Begründet wurde der Ansatz von Benjamin Graham in den 1930er-Jahren und später von Warren Buffett weiterentwickelt. Die Grundannahme: Der Markt bewertet kurzfristig unzuverlässig, langfristig aber annähernd richtig.

Die Sicherheitsmarge

Zentral ist der Gedanke der Margin of Safety – gekauft wird nicht bei geschätztem fairem Wert, sondern mit deutlichem Abschlag. Der Puffer soll Fehler in den eigenen Annahmen auffangen.

Typische Merkmale

Value-Aktien weisen meist niedrige Kurs-Gewinn- und Kurs-Buchwert-Verhältnisse auf, oft eine solide Dividende und etabliertes, wenig spektakuläres Geschäft. Verbreitet sind sie in Branchen wie Industrie, Finanzen, Energie und Basiskonsum.

Die Fallstricke

Nicht jede optisch günstige Aktie ist unterbewertet.

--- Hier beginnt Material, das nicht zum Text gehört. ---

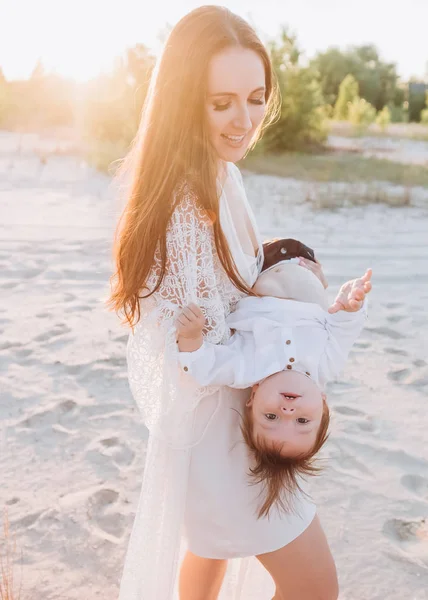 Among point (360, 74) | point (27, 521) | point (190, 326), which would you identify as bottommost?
point (27, 521)

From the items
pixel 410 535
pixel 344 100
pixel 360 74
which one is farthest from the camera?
pixel 360 74

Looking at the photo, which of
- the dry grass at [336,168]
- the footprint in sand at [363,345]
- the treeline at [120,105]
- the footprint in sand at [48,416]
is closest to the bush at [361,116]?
the treeline at [120,105]

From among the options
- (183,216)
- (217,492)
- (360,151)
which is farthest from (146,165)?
(360,151)

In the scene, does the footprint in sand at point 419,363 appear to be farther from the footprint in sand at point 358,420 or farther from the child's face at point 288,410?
the child's face at point 288,410

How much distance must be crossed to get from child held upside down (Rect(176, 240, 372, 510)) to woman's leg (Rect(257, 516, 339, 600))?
0.54 feet

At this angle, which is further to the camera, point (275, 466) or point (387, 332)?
point (387, 332)

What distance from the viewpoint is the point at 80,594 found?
2.42m

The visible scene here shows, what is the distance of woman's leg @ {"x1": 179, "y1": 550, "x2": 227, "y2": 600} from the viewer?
1967 mm

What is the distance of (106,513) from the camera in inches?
112

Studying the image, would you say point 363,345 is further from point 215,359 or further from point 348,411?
point 215,359

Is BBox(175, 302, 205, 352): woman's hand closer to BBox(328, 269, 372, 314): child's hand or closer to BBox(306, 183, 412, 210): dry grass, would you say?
BBox(328, 269, 372, 314): child's hand

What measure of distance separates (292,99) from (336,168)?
9.24 feet

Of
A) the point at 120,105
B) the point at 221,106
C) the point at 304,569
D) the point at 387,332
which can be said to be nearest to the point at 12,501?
the point at 304,569

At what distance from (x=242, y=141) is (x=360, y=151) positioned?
547 inches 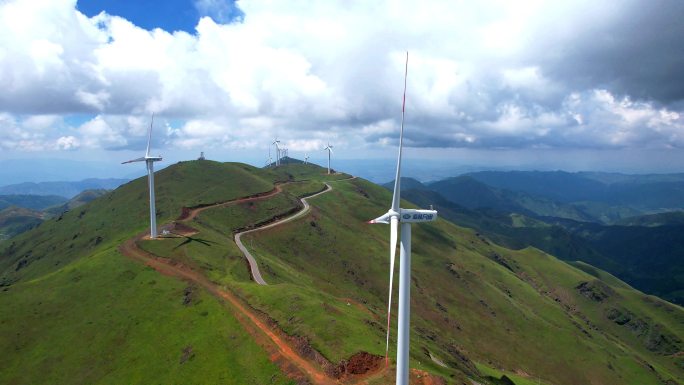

Value Traps sind Unternehmen, die dauerhaft billig bleiben, weil ihr Geschäftsmodell tatsächlich erodiert – die Kennzahlen sehen gut aus, die Zukunft nicht. Buffett selbst verlagerte den Schwerpunkt deshalb von reinen Bilanzkennzahlen hin zur Qualität des Geschäfts.

Hinzu kommt Geduld: Value-Phasen können jahrelang hinter Growth zurückbleiben, bevor sich das Blatt wendet.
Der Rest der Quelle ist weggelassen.